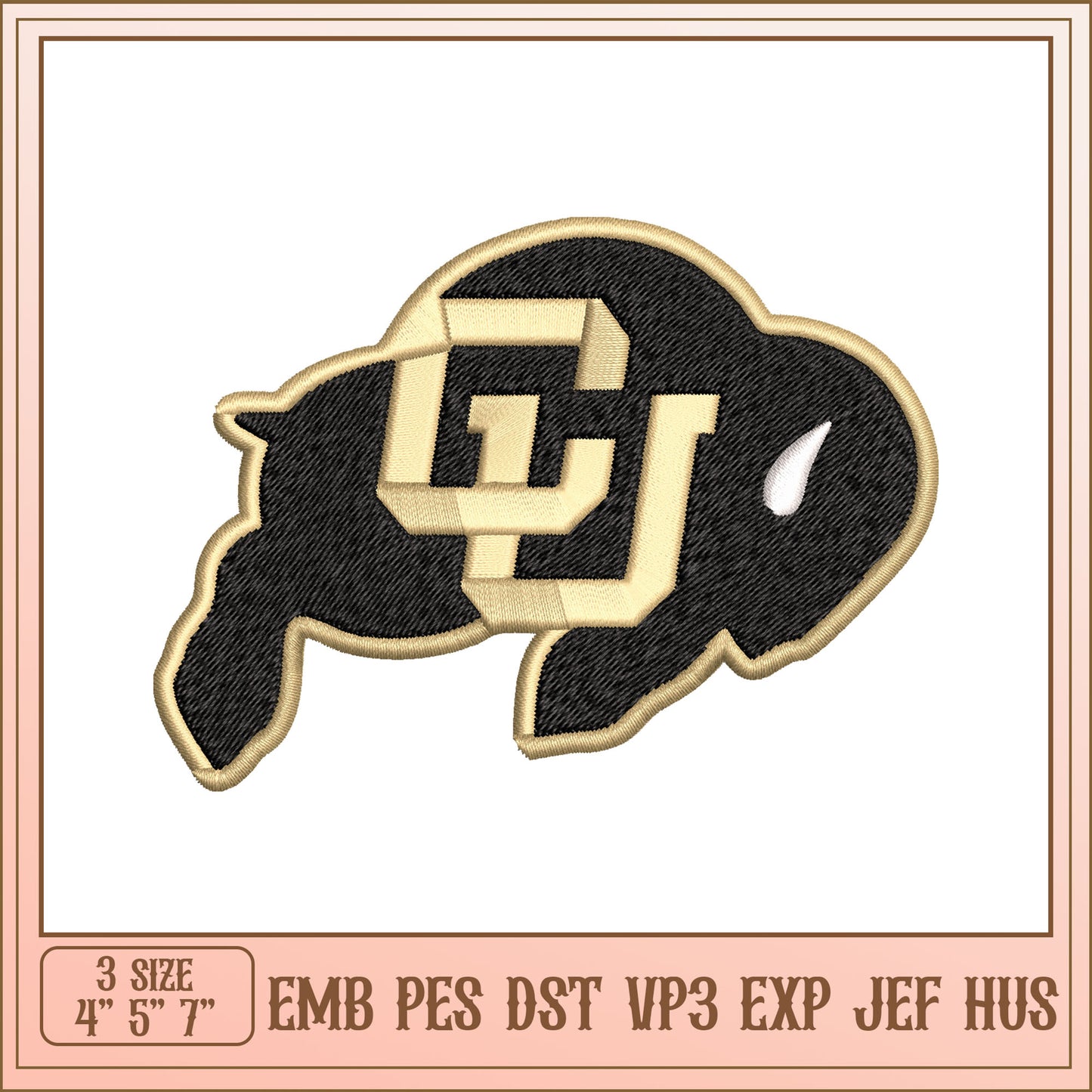 Colorado Buffalo Embroidery Design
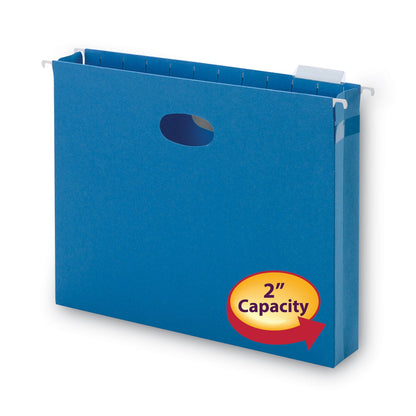 Smead Hanging Pockets with Full-Height Gusset, 1 Section, 2" Capacity, Letter Size, 1/5-Cut Tabs, Sky Blue, 25/Box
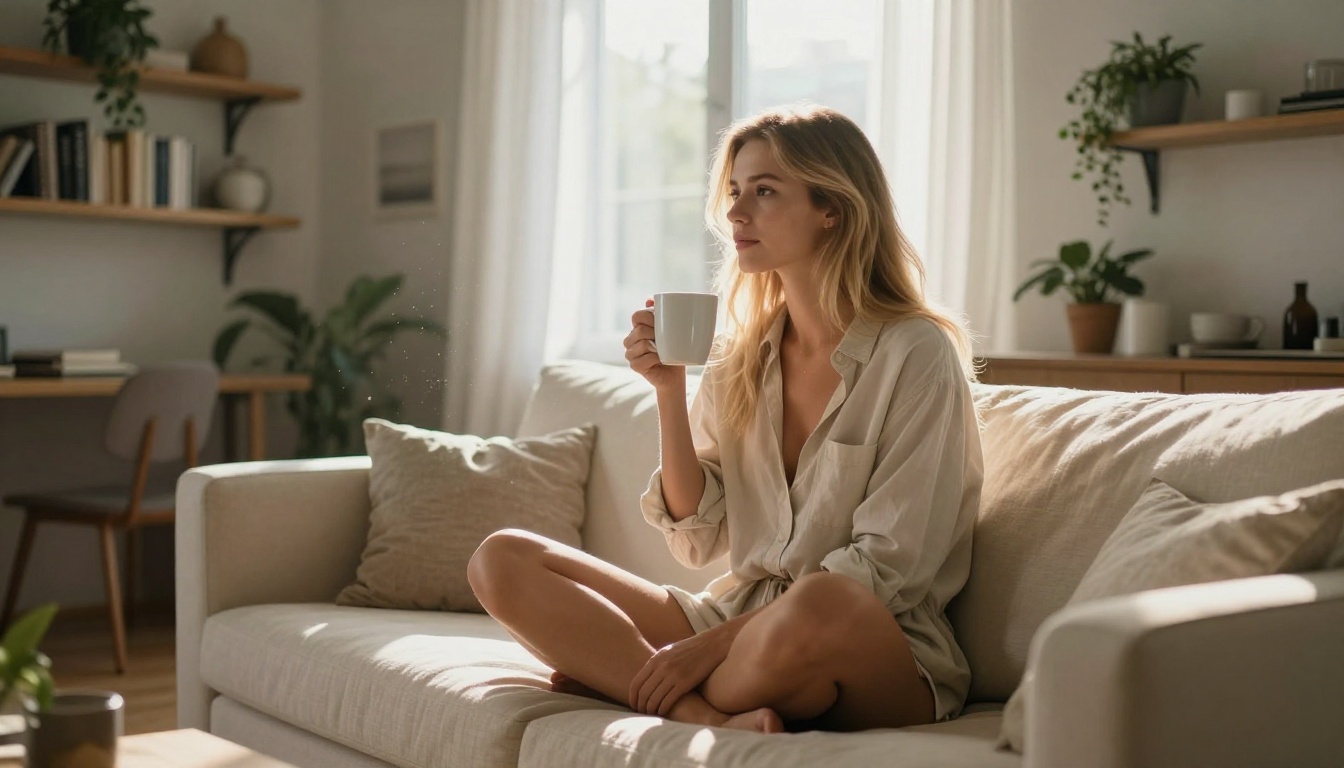 Woman in modern apartment morning sunlight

INSTRUCTIONS FOR THE TASK: Pictures stay out. Everything else in the listing gets printed exactly.

ANSWER SECTION:
 Colorado Buffalo Embroidery Design
 Smead Hanging Pockets with Full-Height Gusset, 1 Section, 2" Capacity, Letter Size, 1/5-Cut Tabs, Sky Blue, 25/Box
 Woman in modern apartment morning sunlight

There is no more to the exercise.